Edwards’ utopian vision, articulated toward the end of the book, is for generalized self-management in society, built on the absolute power of workers, and entailing the abolishment of political parties, universities, prisons, trade unions, armies, police, and state. Edwards’ goal in this vision is to develop a society in which workers have more control over their daily lives and in which people work collectively to meet their needs for survival. Self-management, for Edwards, is revolution.
Edwards’ theory bridges culture and structure in that equal weight is given to political economy and Black working class postcolonial consciousness, and these two concepts have a symbiotic relationship. In this merger of the ontological and the political, Edwards makes a macro–micro link. In its nuanced treatment of the intersectionality of race and class in the context of global capitalism and imperialism in the postcolonial world, this book offers useful theoretical concepts for labor historians and labor studies scholars, particularly for those working outside of the United States and Europe (but also for those working on peripheries within the core). Pan-African theorists, postcolonial theorists, global historians, historical sociologists working outside of North America and Europe, along with development sociologists would also find the writings of Joseph Edwards interesting and useful in light of current scholarly debates between cultural perspectives and political economy oriented perspectives. Labor organizers and community organizers may find the ‘how to’ section of the book, in which Edwards delineates his view of an ideal trade union organizer and ideal community organizer based on his years of experience as a trade union leader, of interest.

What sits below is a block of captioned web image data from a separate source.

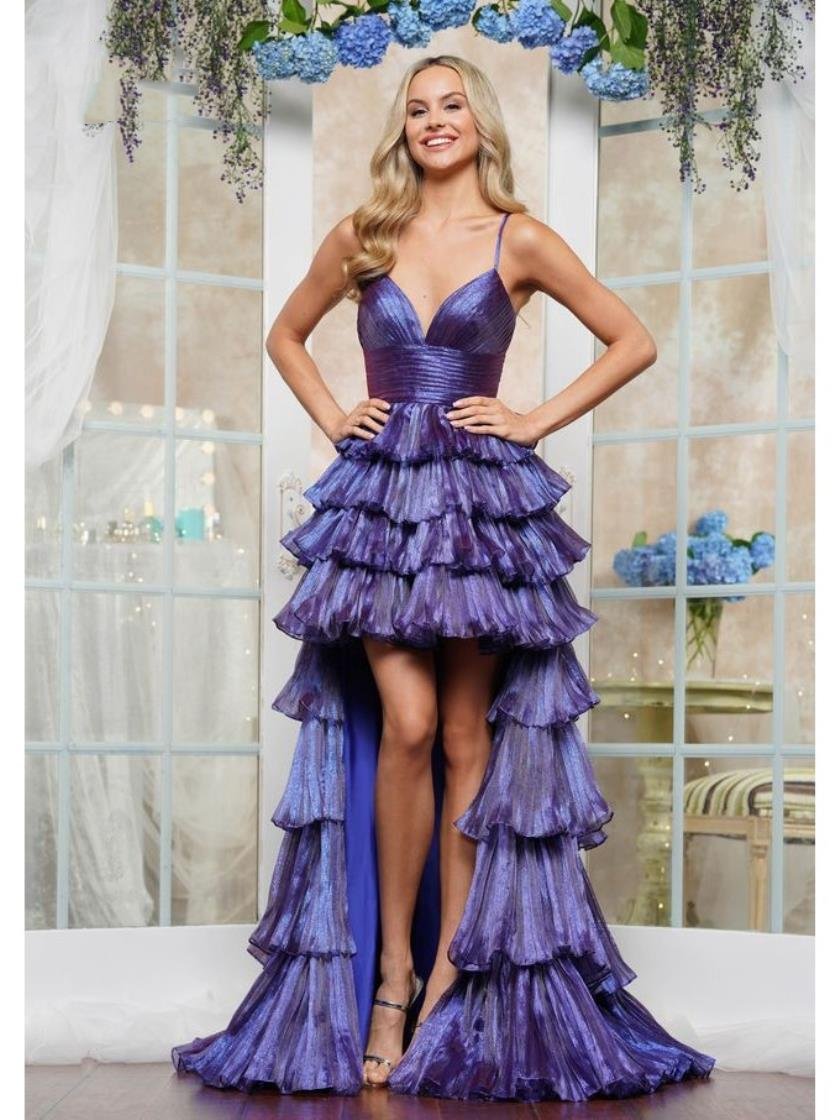 strapless open back dress Colors 3462 Ruffle Long Formal Evening Prom Dress – The Dress Outlet
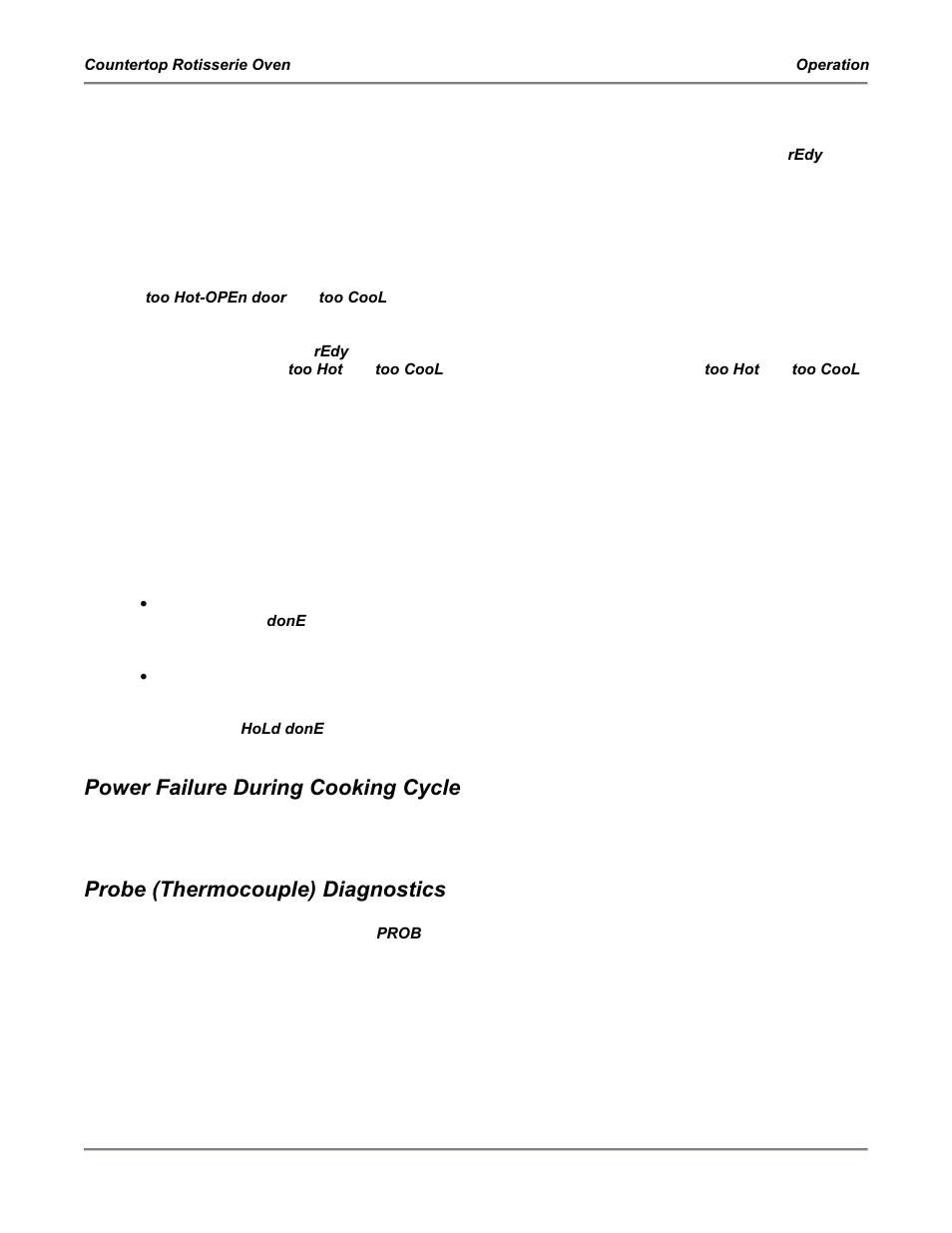 Power failure during cooking cycle, Probe (thermocouple) diagnostics | BKI FS Countertop Rotisserie Oven User Manual | Page 12 / 16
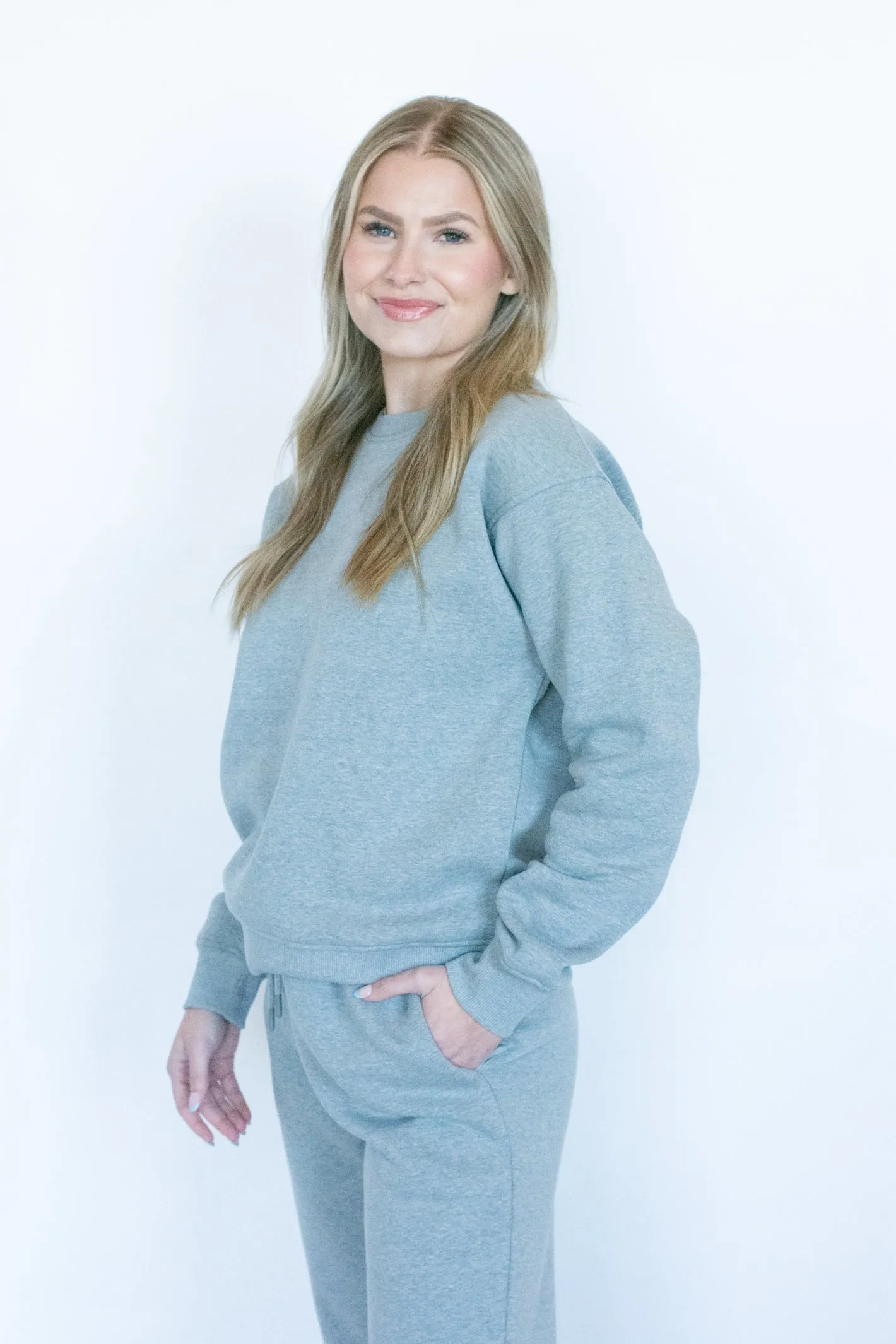 Cozy Plans Heather Grey Full Length Fleece Sweatshirt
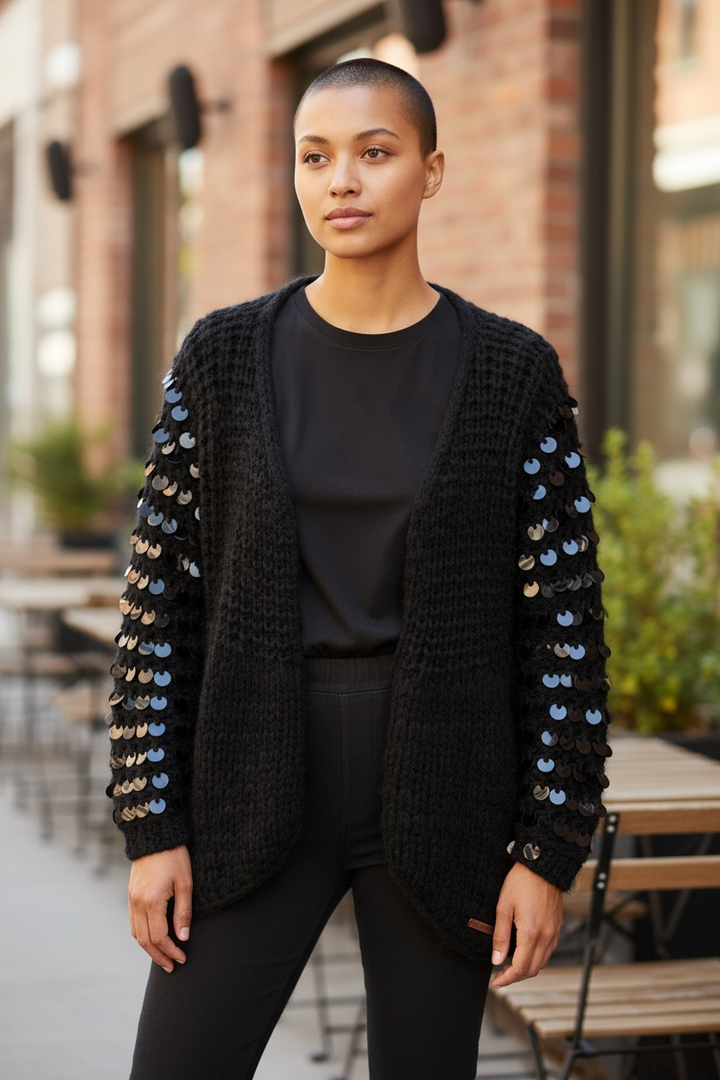 Eternelle Black Sequin Sleeve Cardigan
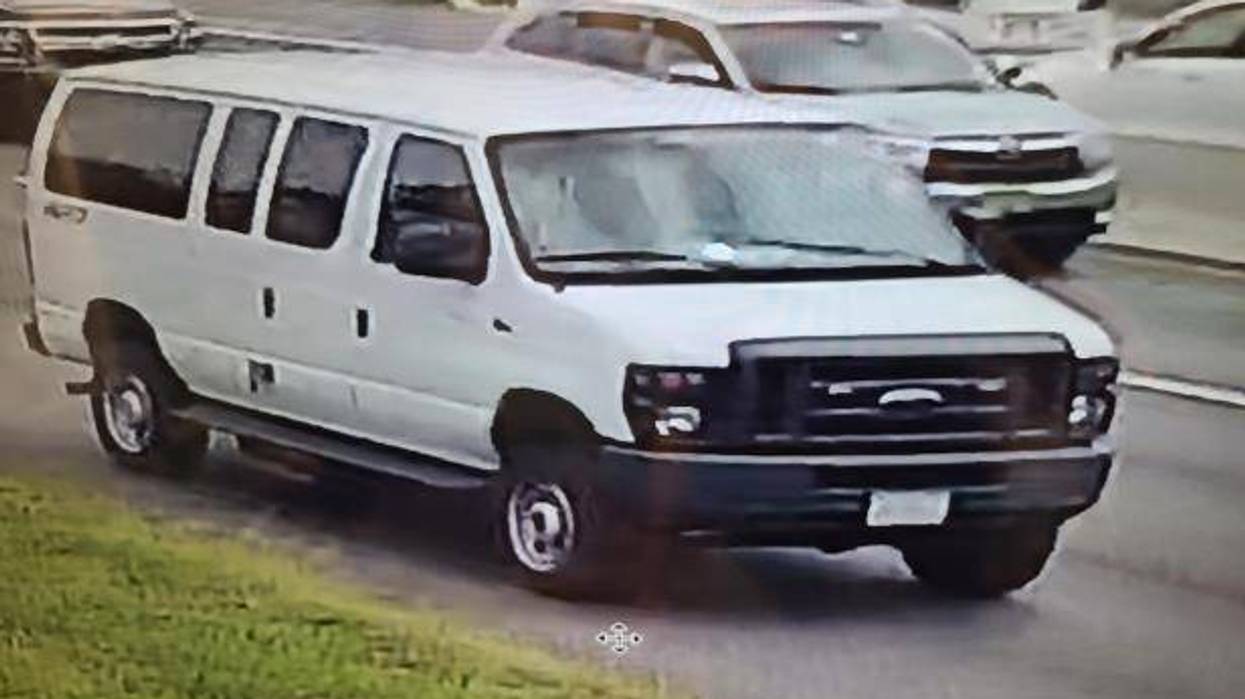 A van which a woman falsely claimed was being driven by a fake police officer who pulled her over and attempted to grab her on August 16, 2021.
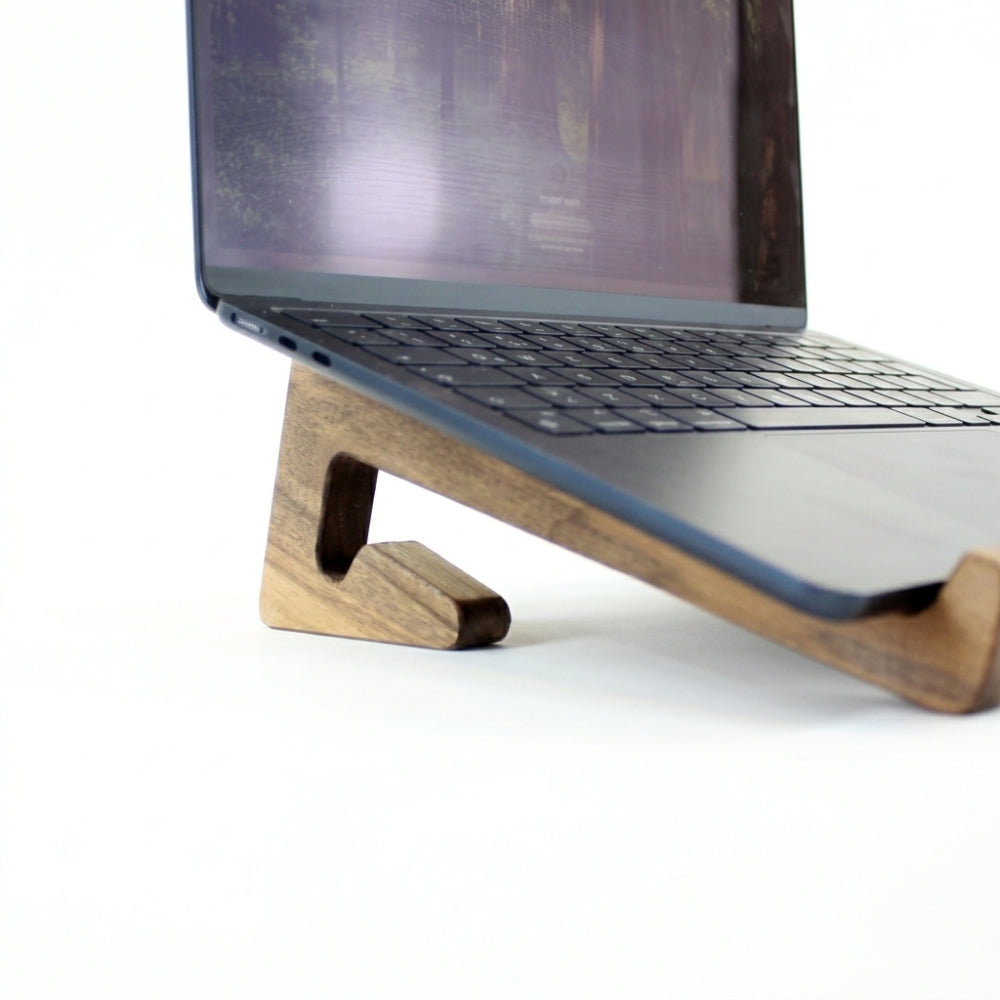Premium 2-in-1 Wooden Laptop Stand & Vertical Dock | Dual-Function Ergonomic Desk Organizer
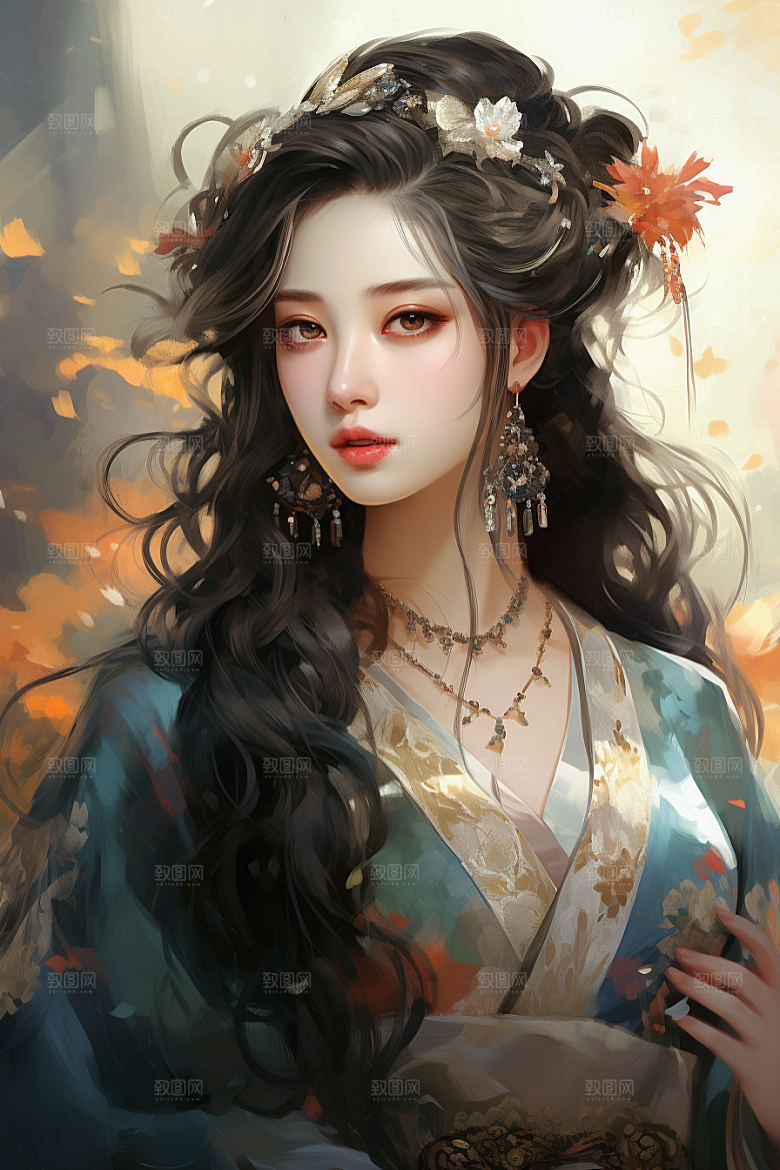 新中式美女艺术文艺插画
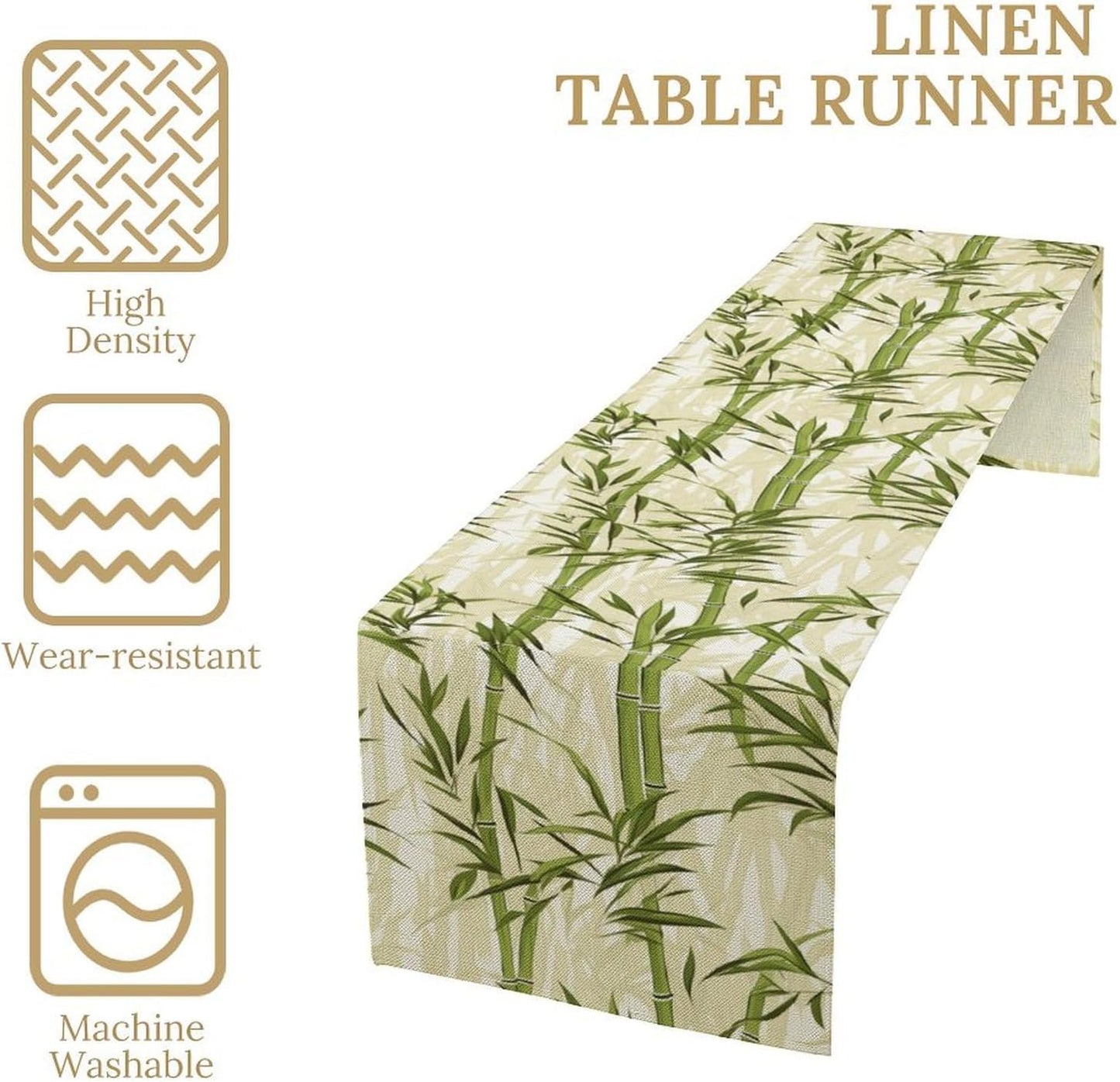Bamboo Table Runner,Green Plant Leaf Pattern Table Cloth Kitchen Dining Table Home Party Decoration 13x90 Inch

While the writings published in this collection were written from 1968 to 1984, Edwards’ bridging of culture and structure couldn’t be more relevant to contemporary scholarly debates. Furthermore, his theories challenge current epistemes in mainstream sociological studies that focus on places in the world outside of North America and Europe, in that Edwards’ writings can be read as a postcolonial sociology that critically engages with the term ‘development’. Edwards’ ‘development’ is one that is inseparable from Black-power, anticolonialism, antimperialism, and anticapitalism. And this is not simply ‘southern theory’ (theory is theory regardless of the theorist’s country of origin), but instead, an innovative theoretical paradigm that allows researchers to conceptualize both class politics and class consciousness in the global context, while being equally attentive to race, class, postcoloniality, and structural location within the capitalist system.